Effects of GABAergic Agents on Multiple Sclerosis. A Narrative Review of In-vivo Models

Background Multiple sclerosis (MS) is a lifelong deteriorating disease characterized by multiple heterogeneous symptoms. Being an autoimmune disease of the central nervous system, mainly affecting the myelin sheath of the nerves ordinarily results in neurological symptoms. GABA has numerous effects on the immune cells, altering cytokine production, cell migration and proliferation. Immune cells express GABA receptors making GABA an inflammation modulator. Therefore, GABAergic-associated agents could provide a compatible add-on therapy for MS patients alleviating their symptoms and providing better quality years. Objective This review aims to highlight and provide evidence of the potential benefits of a secondary treatment option in MS patients, aiming to better manage this disease. Methods We conducted a literature search through PubMed, Scopus and Google Scholar for GABA agonists, antagonists and modulators used in the in vivo model of experimental autoimmune encephalomyelitis (EAE), taking into consideration certain inclusion and exclusion criteria. Results In vivo studies for GABA-a and GABA-b agonists and modulators showed regulation of the autoimmune response in EAE mice. Increased preservation of myelinated sensitive fibers and diminished axonal damage in the CNS was also demonstrated. Further, decreased mononuclear inflammatory infiltration, pro-inflammatory cytokines reduction and reduced levels of Reactive oxygen species (ROS) were also reported.
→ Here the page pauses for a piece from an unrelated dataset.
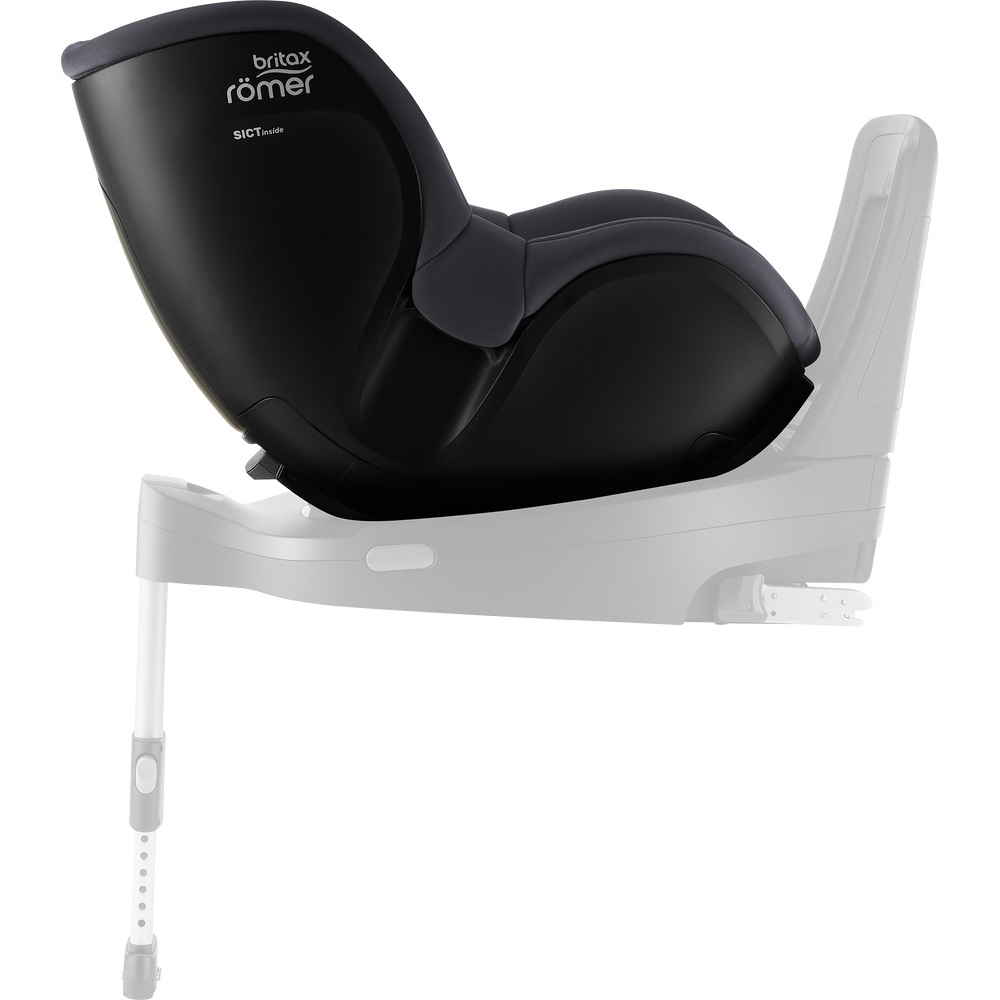 Britax Romer Dualfix 5Z - автокрісло для дитини (від 3 місяців до 4 років / 61 - 105 см) з функцією повороту 360, для використання автокрісла необхідна сумісна база ISOFIX (купується окремо) • Midnight Grey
Biological results included decreased peak disease severity, duration, clinical scores and EAE incidence in the treatment groups. Conclusion GABA agonists and modulators efficiently challenged different aspects of disease pathophysiology in vivo models of EAE. The studies showed a significant relevance of neuroprotection via modulation of the autoimmune response in EAE rats, indicating that they should be considered proper therapeutic candidates for clinical use, while also further clinical studies could empower their administration in clinical practice.

Automated summary

This review focuses on the potential benefits of GABA agonists and modulators in the treatment of multiple sclerosis (MS) using an in vivo model of experimental autoimmune encephalomyelitis (EAE). The results showed that these drugs can regulate the immune response, reduce inflammation, protect nerve fibers, and improve clinical symptoms. Therefore, GABA agonists and modulators may be suitable therapeutic candidates for the treatment of MS.